Un escalofrío le recorrió la espalda cuando dio una vuelta entera para encontrarse con los ojos azul de cobalto de Rexo. Con cerca de dos metros de altura, le sacaba casi una cabeza, era rubio, su tosco pelo enmarcaba su rostro en forma de corazón. Olía a jabón y aire libre. Cielos, qué contenta estaba al verlo de nuevo. Aunque se valía por sí misma en casi cualquier situación, su presencia le aportaba tranquilidad.

Ceres se puso de puntillas y le rodeó su grueso cuello con ganas. Nunca lo había visto como algo más que un amigo hasta que le oyó hablar de la revolución y del ejército clandestino del que era miembro. “Lucharemos para liberarnos del yugo de la opresión”, le había dicho años atrás. Él había hablado con tanta pasión de la rebelión que, por un momento, ella había creído realmente que derrocar a la realeza era posible.

“¿Cómo fue la caza?” le preguntó con una sonrisa, pues sabía que había estado fuera unos días.

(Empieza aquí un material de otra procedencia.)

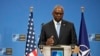 United States Secretary of Defense Lloyd Austin addresses a media conference after a meeting of NATO defense ministers at NATO headquarters in Brussels, June 14, 2024.
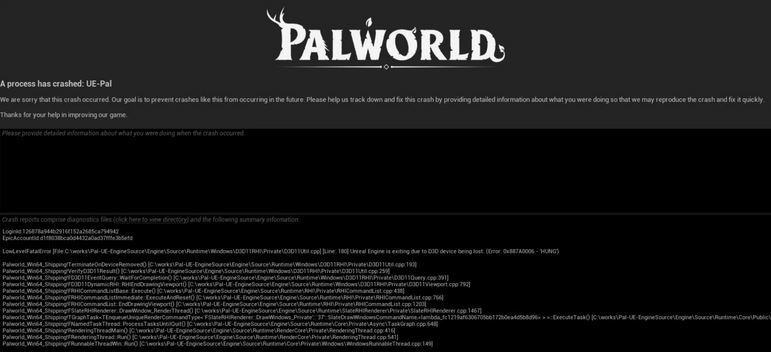 How to Fix "Palworld Error A Process Has Crashed UE-Pal / Unreal Engine Crash" issue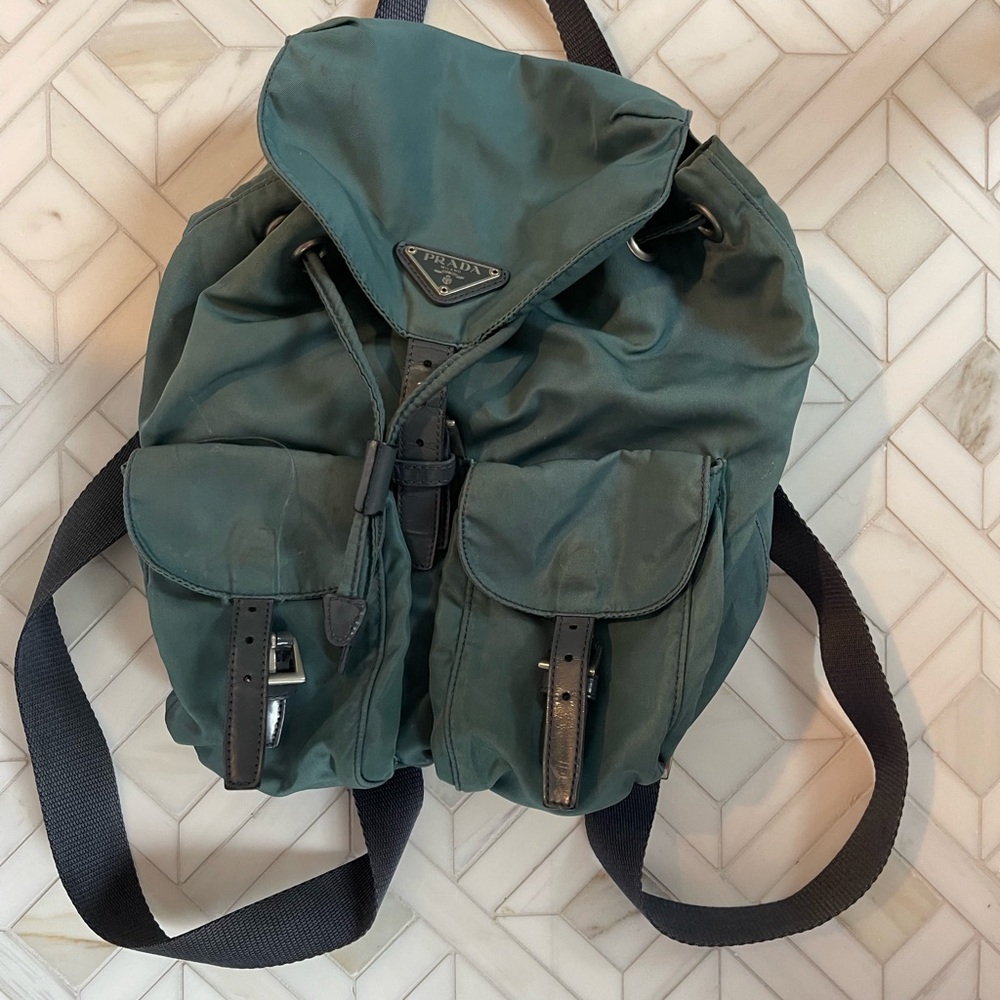 Prada Teal Backpack for Men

“Eché de menos tu sonrisa”. Con una caricia, le echó su pelo dorado tirando a rosáceo hacia atrás. “Y tus ojos color esmeralda”.

Ceres también lo había echado de menos, pero no se atrevía a decirlo. Le daba mucho miedo perder la amistad que tenían si alguna vez pasaba algo entre ellos.

“Rexo”, dijo Nesos al llegar, con Sartes detrás de él y le agarró del brazo.

“Nesos”, dijo él con su voz profunda y autoritaria. “No tenemos mucho tiempo si tenemos que entrar”, añadió, haciendo una señal a los demás.

Todos empezaron a correr, mezclándose con el gentío que se dirigía hacia el Stade. Los soldados del Imperio estaban por todas partes, exhortando a la multitud a avanzar, algunas veces con garrotes y látigos. Cuanto más se acercaban al camino que llevaba al Stade, más gruesa era la multitud.

De repente, Ceres escuchó un clamor proveniente de al lado de uno de los pabellones e instintivamente se giró hacia el ruido. Vio que se había abierto un generoso espacio alrededor de un niño, flanqueado por dos soldados del Imperio, y un comerciante. Unos cuantos mirones se marcharon, mientras otros estaban en círculo mirando boquiabiertos.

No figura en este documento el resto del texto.